EDIT: Clarifications required by the bounty
- The solution manual sets $a=b=g(a)=0$. I'd like to see a proof of $(d)$ that does not require $a=0$ or $b=0$, only $b=g(a)$.
- I will write an answer specifying my current understanding of the problem and solution.
Best Answer
As a comment on your attempt, note that $R_{n,b,f}$ is not a polynomial. However, by hypothesis it can be written $R_{n,b,f}(x)=(x-b)^n r_{n,b,f}(x)$ where $\lim \limits_{x\to b} r_{n,b,f}(x)=0$.

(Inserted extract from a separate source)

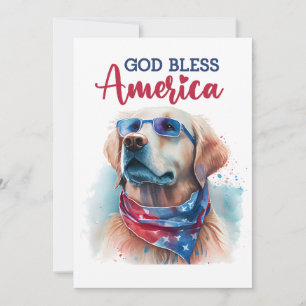 Carte 4 juillet de chien patriotique doré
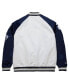 ფოტო #2 პროდუქტის Men's Derek Jeter White/Navy New York Yankees Cooperstown Collection Legends Lightweight Satin Raglan Full-Snap Jacket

The proof of (4) involves the corrected versions of both (c) and the remark at the end of (c). It doesn't require $a=0$ or $b=0$ but does assume $b=g(a)$.
Substitute $g(x)$ into $R_{n,b,f}(x) = (x-b)^n r_{n,b,f}(x)$ to obtain $$B:=R_{n,b,f}(g(x)) = [g(x)-b]^n r_{n,b,f}(g(x)).$$ We can write $$ [g(x)-b]^n=\big[P_{n,a,g}(x) + R_{n,a,g}(x)-b\big]^n = p\big(q(x) + R_{n,a,g}(x)\big) $$ where $p$ and $q$ are the polynomials $$p(x):=[x-b]^n,\qquad q(x):=P_{n,a,g}(x).$$ Since $R_{n,a,g}(x)/(x-a)^n\to0$ as $x\to a$, we can apply (c) to get $$ [g(x)-b]^n=p(q(x)) + \overline R(x) $$ where $\lim\limits_{x\to a}\frac{\overline R(x)}{(x-a)^n}=0$. Note now that $q$ is a polynomial in $x-a$, while $p$ is a polynomial in $x-b$ with $b:=g(a)=P_{n,a,g}(a)=q(a)$. So by the remark, $p(q)$ is a polynomial in $x-a$ with degree at least $n$.
Divide $B$ by $(x-a)^n$: $$\frac B{(x-a)^n} = \left[ \frac{p(q(x))}{(x-a)^n} + \frac{\overline R(x)}{(x-a)^n} \right]r_{n,b,f}(g(x)) $$ As $x\to a$, the first term in square brackets tends to a constant, the second term tends to zero, and $r_{n,b,f}(g(x))$ tends to zero because $g(x)$ tends to $g(a)=b$. This proves (4).
As for (5), there's no need to invoke (c) again. The argument establishes two Taylor polynomials of degree $n$ for $f\circ g$ at $a$, both of whose remainders, when divided by $(x-a)^n$, tend to zero as $x\to a$, hence the two polynomials are equal.